Pojechali gasić pożar trawy, w ogniu znaleźli mężczyznę AKTUALIZACJA
21:55 10-04-2015
W piątek w południe straż pożarna została powiadomiona o pożarze traw w miejscowości Stasin w gminie Konopnica. Płonąć miały nieużytki w pobliżu linii kolejowej, na granicy z Lublinem. Na miejsce zostali skierowani strażacy z Pawlina. Gdy dojechali na miejsce, dostrzegli, że w miejscu gdzie się pali leży człowiek.
Natychmiast przystąpili do udzielania mu pomocy. Jak się okazało, mężczyzna miał spalone ubranie a jego ciało było znacznie poparzone. Poszkodowany był przytomny jednak był w poważnym stanie. Na miejsce została wezwane pogotowie ratunkowe. Zanim ratownicy dotarli na miejsce, strażacy udzielili mu pierwszej pomocy, m.in. okładając go hydrożelem.

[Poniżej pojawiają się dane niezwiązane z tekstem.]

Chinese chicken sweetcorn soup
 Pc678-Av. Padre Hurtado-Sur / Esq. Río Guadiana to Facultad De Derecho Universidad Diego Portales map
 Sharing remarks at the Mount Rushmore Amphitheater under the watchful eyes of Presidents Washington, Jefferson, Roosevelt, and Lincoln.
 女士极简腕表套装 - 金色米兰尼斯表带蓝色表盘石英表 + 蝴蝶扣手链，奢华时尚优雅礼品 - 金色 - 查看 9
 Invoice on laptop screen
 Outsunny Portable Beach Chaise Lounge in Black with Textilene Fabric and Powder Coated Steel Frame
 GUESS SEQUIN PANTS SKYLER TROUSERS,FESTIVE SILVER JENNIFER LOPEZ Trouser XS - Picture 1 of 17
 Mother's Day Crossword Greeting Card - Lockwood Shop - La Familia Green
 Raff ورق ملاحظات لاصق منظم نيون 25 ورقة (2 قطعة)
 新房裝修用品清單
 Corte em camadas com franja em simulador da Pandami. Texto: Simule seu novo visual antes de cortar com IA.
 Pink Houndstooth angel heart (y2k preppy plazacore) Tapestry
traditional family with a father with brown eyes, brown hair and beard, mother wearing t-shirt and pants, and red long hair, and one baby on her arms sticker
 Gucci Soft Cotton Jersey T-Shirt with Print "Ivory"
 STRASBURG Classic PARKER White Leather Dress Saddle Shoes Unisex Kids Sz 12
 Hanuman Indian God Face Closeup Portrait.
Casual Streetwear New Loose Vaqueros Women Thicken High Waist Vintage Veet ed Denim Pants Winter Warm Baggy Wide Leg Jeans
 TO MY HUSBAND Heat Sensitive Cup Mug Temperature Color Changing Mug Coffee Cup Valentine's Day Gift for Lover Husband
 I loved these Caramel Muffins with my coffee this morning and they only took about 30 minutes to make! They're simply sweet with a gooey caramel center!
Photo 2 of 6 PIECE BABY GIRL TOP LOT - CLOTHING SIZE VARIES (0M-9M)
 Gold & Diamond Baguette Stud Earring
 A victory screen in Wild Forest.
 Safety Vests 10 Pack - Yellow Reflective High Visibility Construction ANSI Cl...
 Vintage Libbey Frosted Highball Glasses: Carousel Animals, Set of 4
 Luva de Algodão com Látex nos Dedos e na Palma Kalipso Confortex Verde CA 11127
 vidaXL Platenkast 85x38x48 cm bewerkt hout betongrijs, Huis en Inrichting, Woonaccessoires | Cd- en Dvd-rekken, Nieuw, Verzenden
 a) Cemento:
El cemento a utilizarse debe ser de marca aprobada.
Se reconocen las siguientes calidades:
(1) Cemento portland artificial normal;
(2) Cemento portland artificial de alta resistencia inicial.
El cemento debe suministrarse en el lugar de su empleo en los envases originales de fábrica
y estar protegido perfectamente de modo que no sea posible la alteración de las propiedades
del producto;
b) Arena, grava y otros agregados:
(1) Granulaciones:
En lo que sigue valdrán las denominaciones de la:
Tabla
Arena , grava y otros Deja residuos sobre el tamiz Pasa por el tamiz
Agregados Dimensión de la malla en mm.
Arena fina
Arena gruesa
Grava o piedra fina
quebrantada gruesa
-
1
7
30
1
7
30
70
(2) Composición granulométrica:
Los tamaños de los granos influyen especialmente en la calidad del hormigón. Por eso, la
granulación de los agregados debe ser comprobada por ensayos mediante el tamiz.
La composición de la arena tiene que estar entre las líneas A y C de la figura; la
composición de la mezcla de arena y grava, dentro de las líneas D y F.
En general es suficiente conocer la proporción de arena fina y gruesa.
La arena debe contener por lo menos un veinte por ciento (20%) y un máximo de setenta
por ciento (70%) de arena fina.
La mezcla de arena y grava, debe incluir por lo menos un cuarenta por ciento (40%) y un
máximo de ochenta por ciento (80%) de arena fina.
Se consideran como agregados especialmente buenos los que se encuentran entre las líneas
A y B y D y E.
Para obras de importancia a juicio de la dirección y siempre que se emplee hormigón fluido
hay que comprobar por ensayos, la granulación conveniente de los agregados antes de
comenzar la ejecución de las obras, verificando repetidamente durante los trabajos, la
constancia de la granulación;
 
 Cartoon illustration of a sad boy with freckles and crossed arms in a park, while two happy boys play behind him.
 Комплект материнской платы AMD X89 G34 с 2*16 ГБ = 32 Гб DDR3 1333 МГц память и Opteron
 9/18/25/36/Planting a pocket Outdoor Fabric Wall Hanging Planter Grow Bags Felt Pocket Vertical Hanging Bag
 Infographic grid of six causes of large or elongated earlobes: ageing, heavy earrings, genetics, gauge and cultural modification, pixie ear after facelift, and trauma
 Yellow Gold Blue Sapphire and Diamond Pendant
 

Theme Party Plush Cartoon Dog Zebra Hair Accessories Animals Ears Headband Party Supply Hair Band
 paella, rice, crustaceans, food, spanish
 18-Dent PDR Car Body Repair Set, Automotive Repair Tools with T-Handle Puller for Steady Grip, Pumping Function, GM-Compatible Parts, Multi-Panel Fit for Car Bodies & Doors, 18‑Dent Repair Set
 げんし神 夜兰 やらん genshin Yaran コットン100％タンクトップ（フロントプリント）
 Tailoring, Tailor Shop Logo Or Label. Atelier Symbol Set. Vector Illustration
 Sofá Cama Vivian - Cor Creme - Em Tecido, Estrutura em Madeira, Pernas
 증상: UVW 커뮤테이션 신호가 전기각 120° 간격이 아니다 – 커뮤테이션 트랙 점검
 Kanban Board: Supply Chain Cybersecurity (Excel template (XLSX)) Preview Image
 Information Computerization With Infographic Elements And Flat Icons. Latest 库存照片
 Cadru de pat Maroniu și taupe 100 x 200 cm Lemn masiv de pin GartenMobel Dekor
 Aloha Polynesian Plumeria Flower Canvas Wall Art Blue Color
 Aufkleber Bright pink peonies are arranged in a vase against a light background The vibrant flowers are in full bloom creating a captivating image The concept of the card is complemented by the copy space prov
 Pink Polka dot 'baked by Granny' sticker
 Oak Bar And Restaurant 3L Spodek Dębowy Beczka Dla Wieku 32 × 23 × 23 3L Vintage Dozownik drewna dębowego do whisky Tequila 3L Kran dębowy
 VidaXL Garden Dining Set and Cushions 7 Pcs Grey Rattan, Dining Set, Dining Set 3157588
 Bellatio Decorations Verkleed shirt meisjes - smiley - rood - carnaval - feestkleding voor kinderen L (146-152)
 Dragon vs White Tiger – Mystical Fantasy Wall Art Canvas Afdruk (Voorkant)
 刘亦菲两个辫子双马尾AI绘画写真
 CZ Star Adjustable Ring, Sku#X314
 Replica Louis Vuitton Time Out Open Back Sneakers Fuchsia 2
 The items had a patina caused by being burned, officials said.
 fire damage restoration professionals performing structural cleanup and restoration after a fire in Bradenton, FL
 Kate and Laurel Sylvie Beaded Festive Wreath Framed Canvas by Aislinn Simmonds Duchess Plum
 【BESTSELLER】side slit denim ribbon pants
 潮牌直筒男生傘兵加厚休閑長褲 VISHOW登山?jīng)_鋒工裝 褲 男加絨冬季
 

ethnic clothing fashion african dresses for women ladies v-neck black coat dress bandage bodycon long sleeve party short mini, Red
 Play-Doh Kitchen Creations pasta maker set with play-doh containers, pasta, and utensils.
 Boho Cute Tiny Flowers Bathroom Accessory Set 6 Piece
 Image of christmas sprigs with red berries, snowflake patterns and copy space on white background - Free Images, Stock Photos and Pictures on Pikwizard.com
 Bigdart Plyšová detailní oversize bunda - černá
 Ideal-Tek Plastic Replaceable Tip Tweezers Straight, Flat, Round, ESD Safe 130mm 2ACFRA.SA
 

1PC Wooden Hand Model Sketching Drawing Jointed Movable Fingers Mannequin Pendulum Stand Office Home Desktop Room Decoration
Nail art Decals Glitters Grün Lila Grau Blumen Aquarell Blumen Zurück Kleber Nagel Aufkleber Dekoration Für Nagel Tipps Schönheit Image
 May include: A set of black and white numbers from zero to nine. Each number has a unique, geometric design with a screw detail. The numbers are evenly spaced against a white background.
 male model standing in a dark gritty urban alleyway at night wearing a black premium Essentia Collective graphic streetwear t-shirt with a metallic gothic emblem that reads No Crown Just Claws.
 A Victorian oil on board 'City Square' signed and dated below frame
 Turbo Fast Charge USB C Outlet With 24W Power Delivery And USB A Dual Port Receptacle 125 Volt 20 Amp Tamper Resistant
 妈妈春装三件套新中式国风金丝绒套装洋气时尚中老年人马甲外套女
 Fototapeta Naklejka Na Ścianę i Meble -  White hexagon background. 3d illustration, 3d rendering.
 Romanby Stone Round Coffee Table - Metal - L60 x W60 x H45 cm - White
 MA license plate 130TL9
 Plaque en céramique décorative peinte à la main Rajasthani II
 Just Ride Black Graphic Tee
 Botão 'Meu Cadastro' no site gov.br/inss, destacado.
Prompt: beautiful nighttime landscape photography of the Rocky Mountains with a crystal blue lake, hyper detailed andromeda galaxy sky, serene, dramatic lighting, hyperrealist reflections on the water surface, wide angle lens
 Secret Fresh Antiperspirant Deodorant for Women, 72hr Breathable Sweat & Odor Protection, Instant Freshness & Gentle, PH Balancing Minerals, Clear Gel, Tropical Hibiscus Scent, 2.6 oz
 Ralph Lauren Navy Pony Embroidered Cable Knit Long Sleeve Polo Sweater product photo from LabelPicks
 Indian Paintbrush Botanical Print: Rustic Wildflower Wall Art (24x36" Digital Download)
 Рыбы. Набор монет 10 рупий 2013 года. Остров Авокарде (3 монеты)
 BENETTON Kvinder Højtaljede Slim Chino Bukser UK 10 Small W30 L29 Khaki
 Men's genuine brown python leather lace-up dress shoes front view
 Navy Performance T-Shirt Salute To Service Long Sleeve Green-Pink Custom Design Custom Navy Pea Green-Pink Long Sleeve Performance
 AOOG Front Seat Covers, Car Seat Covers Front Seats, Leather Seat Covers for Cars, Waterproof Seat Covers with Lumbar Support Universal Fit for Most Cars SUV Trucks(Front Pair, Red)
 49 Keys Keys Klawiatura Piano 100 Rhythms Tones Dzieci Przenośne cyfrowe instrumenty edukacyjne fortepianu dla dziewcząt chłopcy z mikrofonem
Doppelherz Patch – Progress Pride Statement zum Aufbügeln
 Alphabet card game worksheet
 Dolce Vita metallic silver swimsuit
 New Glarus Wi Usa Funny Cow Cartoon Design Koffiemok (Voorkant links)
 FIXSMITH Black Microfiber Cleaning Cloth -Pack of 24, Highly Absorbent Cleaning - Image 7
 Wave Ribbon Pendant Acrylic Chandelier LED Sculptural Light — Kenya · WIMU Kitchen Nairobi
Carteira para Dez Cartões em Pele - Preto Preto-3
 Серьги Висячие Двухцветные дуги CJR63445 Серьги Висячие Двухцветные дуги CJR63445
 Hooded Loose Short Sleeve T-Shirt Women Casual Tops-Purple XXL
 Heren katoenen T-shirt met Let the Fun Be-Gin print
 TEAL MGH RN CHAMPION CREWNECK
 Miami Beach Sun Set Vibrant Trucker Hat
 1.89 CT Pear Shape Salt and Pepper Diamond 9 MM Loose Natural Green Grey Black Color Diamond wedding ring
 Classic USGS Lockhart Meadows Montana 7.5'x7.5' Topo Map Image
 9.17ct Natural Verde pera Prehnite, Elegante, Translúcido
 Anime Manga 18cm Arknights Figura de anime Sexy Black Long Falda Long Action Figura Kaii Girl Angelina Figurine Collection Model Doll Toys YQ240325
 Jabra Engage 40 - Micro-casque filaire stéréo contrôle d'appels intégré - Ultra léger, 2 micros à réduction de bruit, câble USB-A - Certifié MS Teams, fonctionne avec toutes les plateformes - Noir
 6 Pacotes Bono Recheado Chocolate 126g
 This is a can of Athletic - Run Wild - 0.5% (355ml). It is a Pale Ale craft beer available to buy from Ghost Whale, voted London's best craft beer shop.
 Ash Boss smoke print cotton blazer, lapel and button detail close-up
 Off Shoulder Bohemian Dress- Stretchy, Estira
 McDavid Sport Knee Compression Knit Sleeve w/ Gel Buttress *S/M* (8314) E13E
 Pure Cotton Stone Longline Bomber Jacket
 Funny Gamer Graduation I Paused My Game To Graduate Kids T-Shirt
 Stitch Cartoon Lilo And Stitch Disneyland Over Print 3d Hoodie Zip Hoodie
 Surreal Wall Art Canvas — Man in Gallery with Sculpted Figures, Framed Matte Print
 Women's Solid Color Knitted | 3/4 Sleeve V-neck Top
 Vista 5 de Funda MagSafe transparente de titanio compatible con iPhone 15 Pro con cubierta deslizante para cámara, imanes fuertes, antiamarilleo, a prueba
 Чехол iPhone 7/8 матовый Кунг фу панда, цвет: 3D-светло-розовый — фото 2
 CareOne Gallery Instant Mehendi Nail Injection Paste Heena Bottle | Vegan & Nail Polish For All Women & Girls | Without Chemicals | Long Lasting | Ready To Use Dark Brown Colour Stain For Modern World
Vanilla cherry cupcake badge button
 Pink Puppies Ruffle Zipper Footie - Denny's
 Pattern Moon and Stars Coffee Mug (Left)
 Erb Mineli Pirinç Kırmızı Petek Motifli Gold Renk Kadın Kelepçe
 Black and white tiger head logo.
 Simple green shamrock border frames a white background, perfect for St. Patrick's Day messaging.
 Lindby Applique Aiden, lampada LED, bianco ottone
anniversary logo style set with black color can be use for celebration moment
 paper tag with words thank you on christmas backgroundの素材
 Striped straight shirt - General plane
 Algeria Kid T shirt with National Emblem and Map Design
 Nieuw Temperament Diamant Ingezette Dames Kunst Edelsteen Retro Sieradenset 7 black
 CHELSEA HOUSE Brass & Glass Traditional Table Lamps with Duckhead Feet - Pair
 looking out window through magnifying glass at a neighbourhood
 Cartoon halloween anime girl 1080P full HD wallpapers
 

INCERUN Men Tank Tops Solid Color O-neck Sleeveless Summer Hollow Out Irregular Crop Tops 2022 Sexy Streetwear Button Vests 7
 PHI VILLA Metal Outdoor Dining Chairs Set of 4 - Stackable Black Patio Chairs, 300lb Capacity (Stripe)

Ze wstępnych ustaleń wynika, że 56-letni mężczyzna najprawdopodobniej usiłował sam ugasić pożar traw, obawiając się o swoja posesję. Mianowicie ogień rozprzestrzeniał się po jego działce w kierunku domu w którym mieszkał.
AKTUALIZACJA 11.04.2015
Jak wyjaśniają funkcjonariusze lubelskiej policji, mężczyzna był pijany, miał w wydychanym powietrzu blisko 1,3 promila alkoholu. Ze ich wstępnych ustaleń wynika, że mężczyzna sam podpalił na swojej posesji trawę. Ogień bardzo szybko zaczął się rozprzestrzeniać i chcąc go ugasić, nie zdołał uciec przed płomieniami. Mężczyzna ma poparzeni ciała II i III stopnia.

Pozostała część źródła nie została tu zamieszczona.